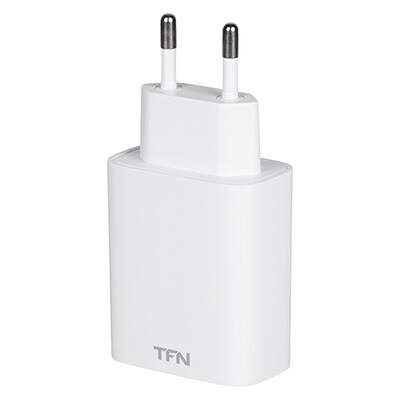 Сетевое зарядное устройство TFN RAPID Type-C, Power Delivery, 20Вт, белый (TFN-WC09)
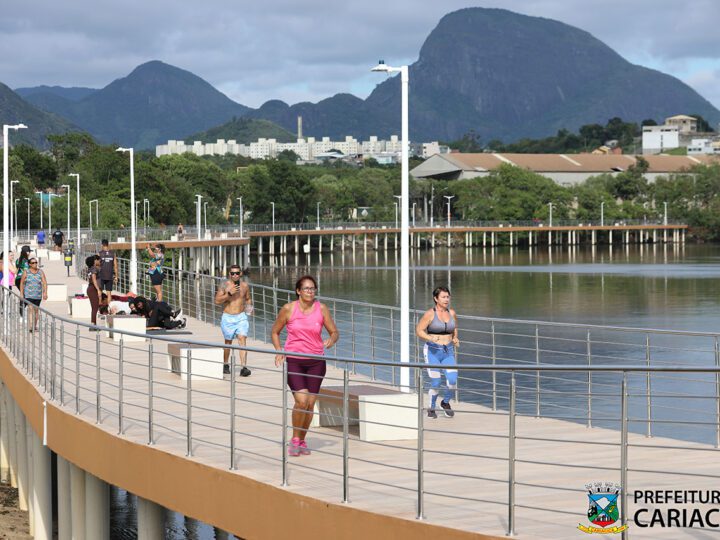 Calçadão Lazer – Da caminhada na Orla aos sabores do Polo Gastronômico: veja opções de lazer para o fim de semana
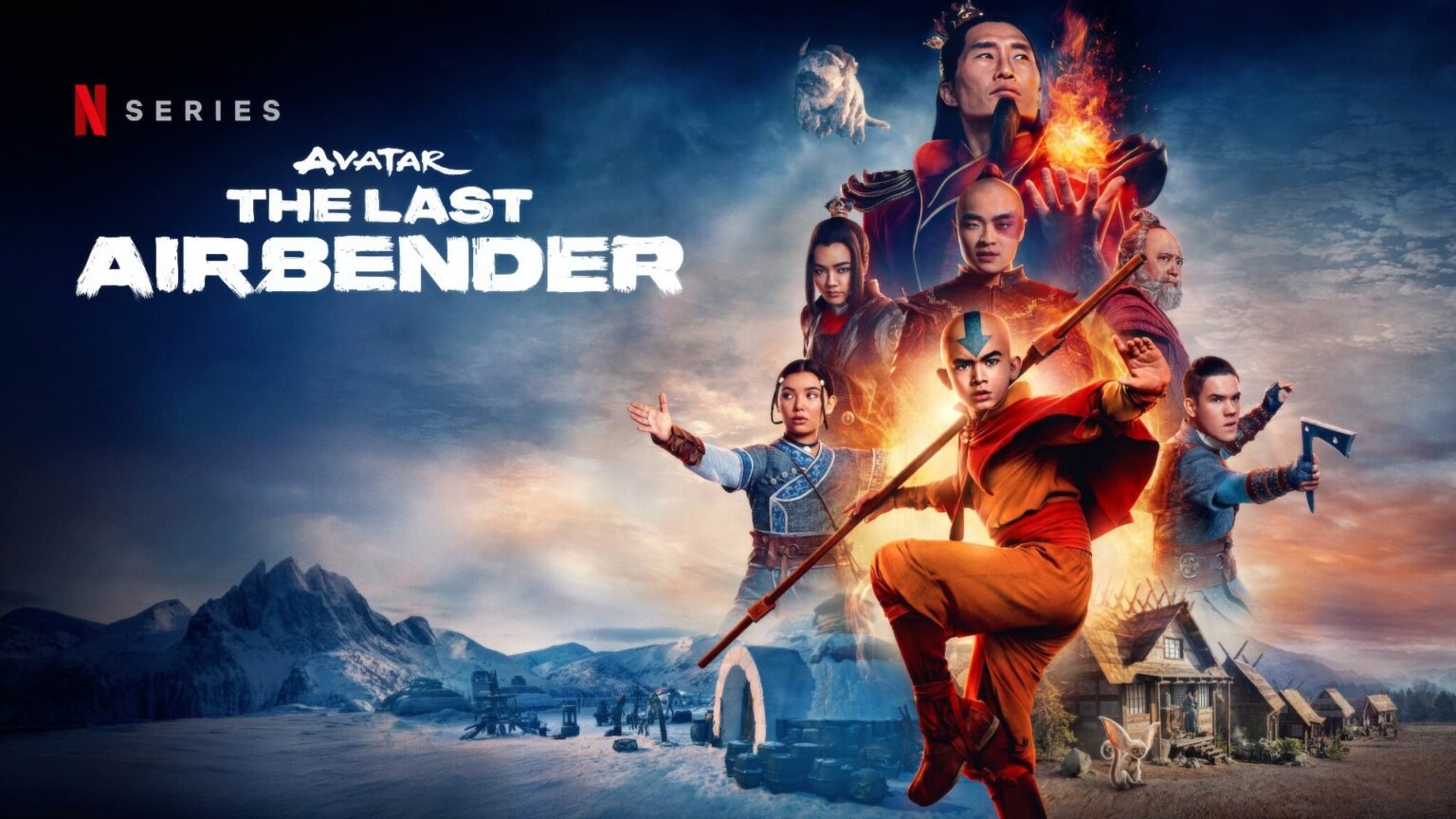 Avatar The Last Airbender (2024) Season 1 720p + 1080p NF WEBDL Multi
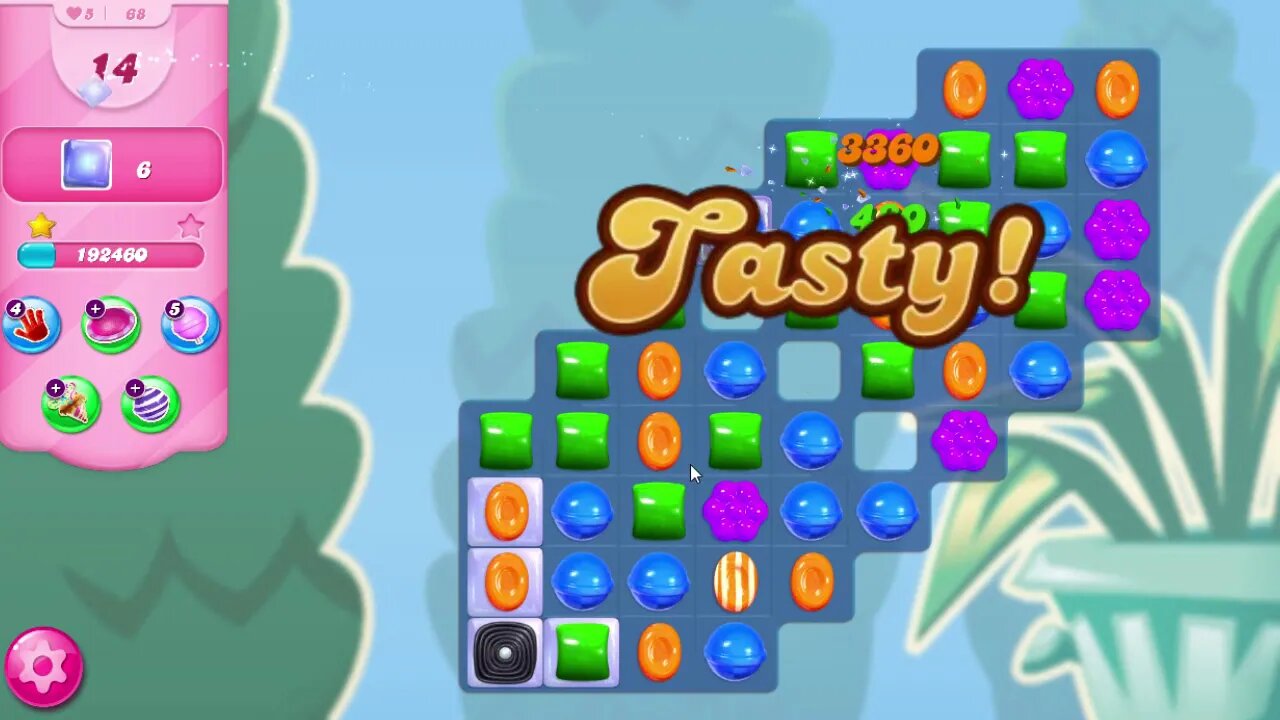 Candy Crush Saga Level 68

• • •

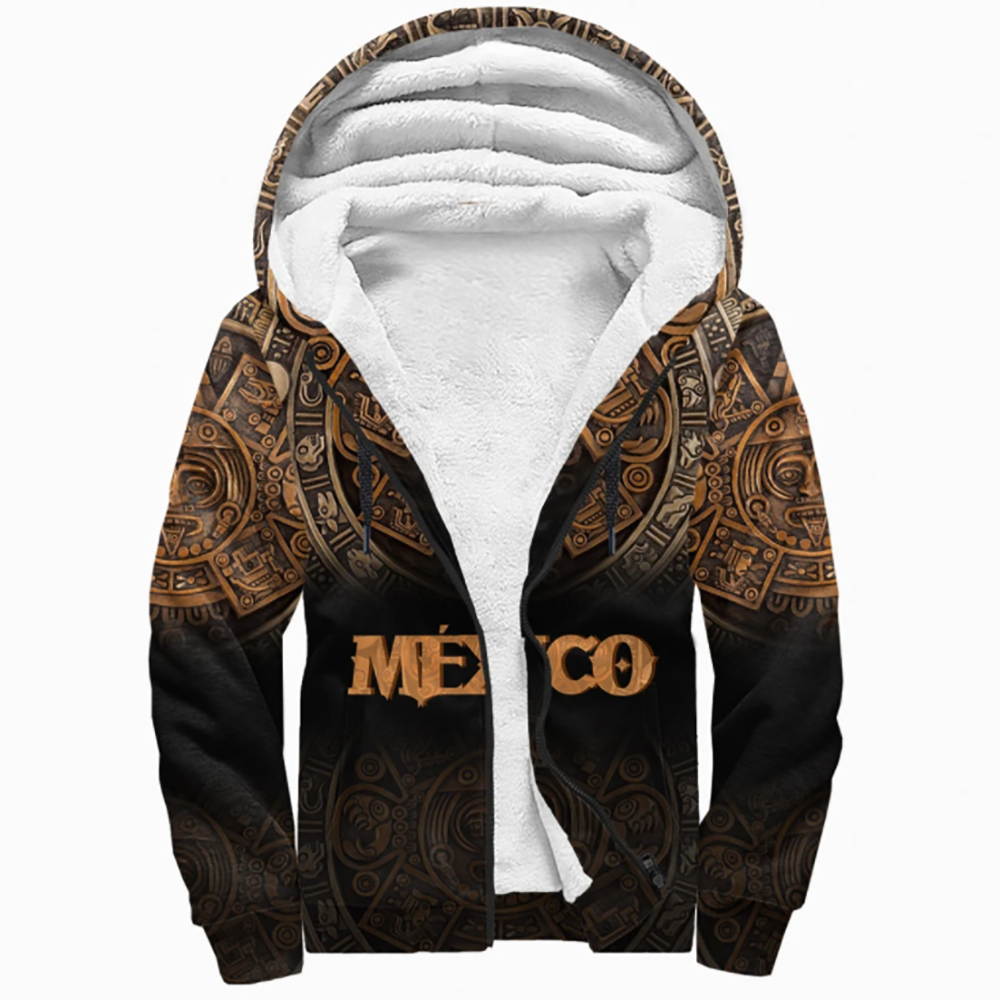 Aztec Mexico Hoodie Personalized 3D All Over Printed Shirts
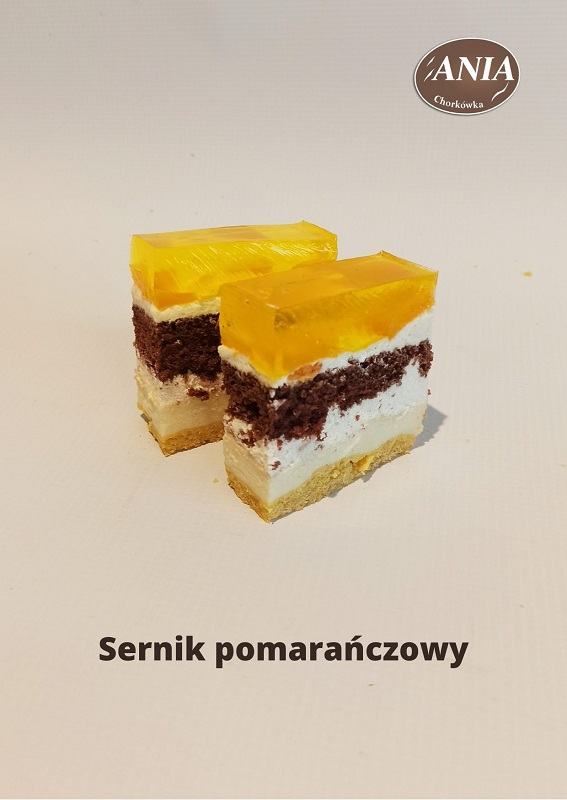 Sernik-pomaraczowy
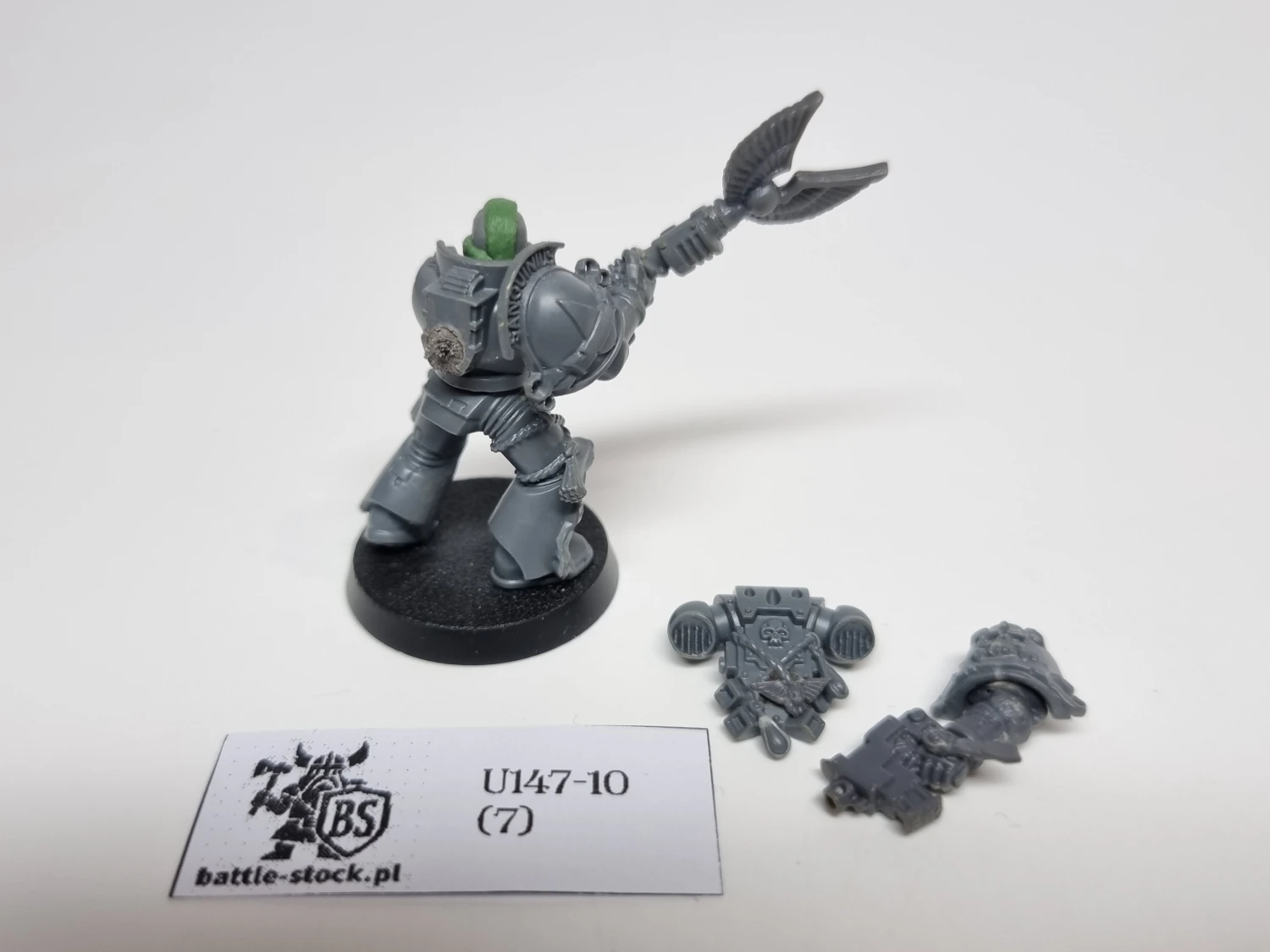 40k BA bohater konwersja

• • •

The result should be an exact copy of only the lines above from the one that holds "Сетевое зарядное устройство" through the one that holds "Candy Crush Saga Level 68", both ends included, without pictures.

 Сетевое зарядное устройство TFN RAPID Type-C, Power Delivery, 20Вт, белый (TFN-WC09)
 Calçadão Lazer – Da caminhada na Orla aos sabores do Polo Gastronômico: veja opções de lazer para o fim de semana
 Avatar The Last Airbender (2024) Season 1 720p + 1080p NF WEBDL Multi
 Candy Crush Saga Level 68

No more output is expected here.